Task input below:

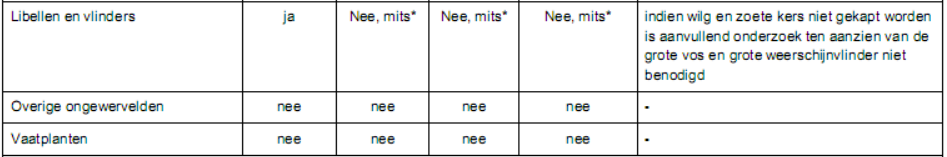 afbeelding "i_NL.IMRO.1945.BPSTHUBERTUSWEG11-VG01_0008.png"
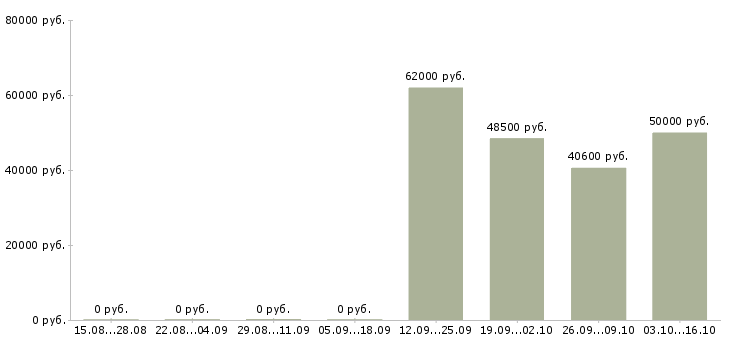 Вакансии упаковщик с проживанием в Подольске - Медиана зарплат упаковщик с проживанием в Подольске за 2 месяца
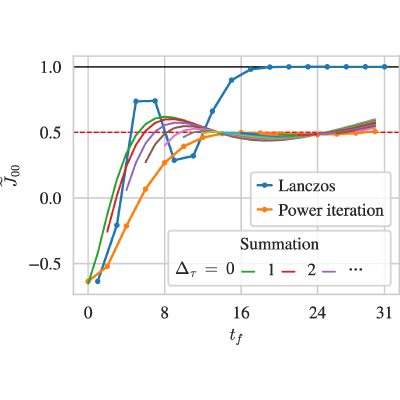 Figure 16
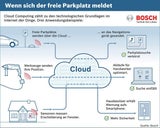 Bosch setzt voll auf Internet der Dinge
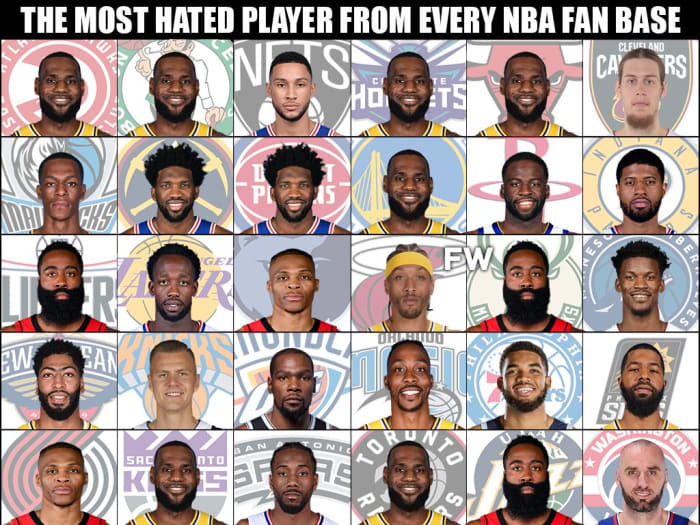 The Most Hated Player From Every NBA Fan Base Fadeaway World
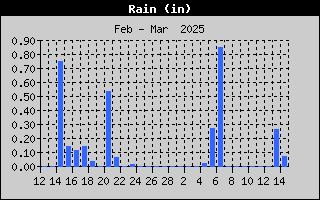 BRWx-RainMonth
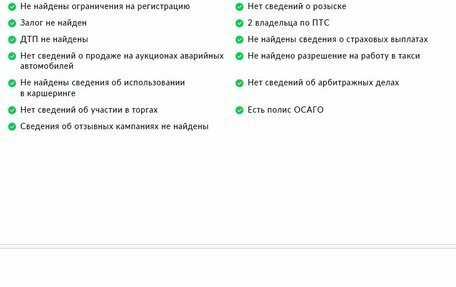 Changan CS75 I рестайлинг, 2022 год, 1 850 000 рублей, 27 фотография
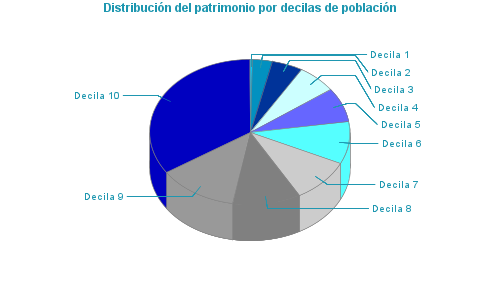 Distribución del patrimonio por decilas de población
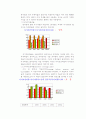 신라호텔 마케팅, 성공사례, 마케팅전략, 성공전략, 경영전략분석, 경영전략 및 IT 서비스 전략 조사  11페이지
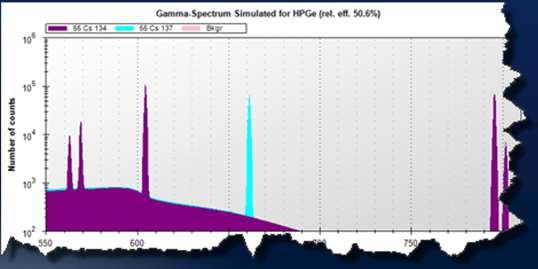 Spectrum Generator γ-spectrum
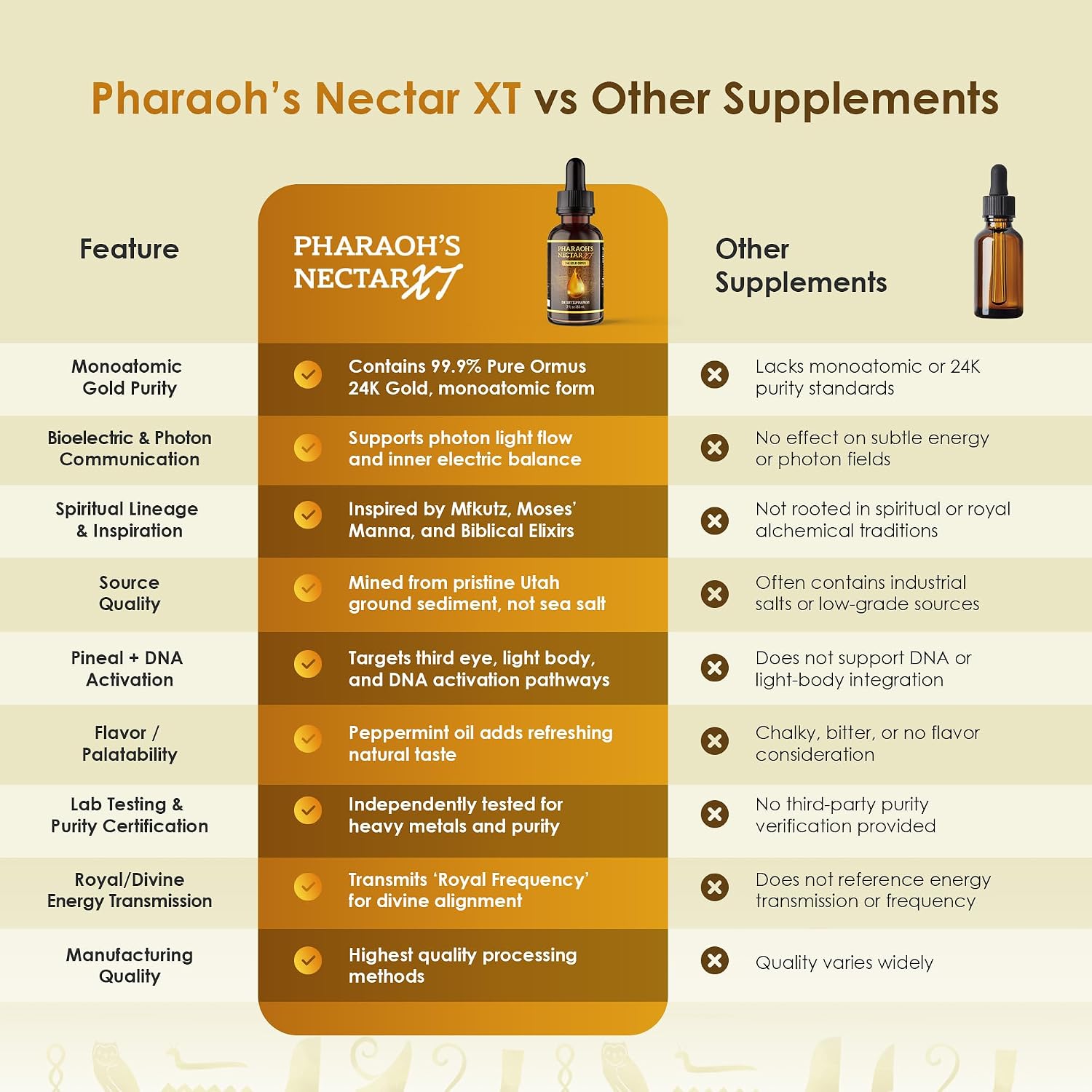 Pharaoh's Nectar XT 24K Monoatomic Gold Ormus Liquid | Third Eye Awakening + Vivid Dreaming, Clean Energy + Mental Clarity, Spiritual Supplement, 60mL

End of Task input.

• [Task details] Within the entries above, the lines from the one containing "Distribución del patrimonio" through the one containing "Spectrum Generator γ-spectrum" are to be transcribed exactly, ends included, pictures excluded.

• [Answer section]
 Distribución del patrimonio por decilas de población
 신라호텔 마케팅, 성공사례, 마케팅전략, 성공전략, 경영전략분석, 경영전략 및 IT 서비스 전략 조사  11페이지
 Spectrum Generator γ-spectrum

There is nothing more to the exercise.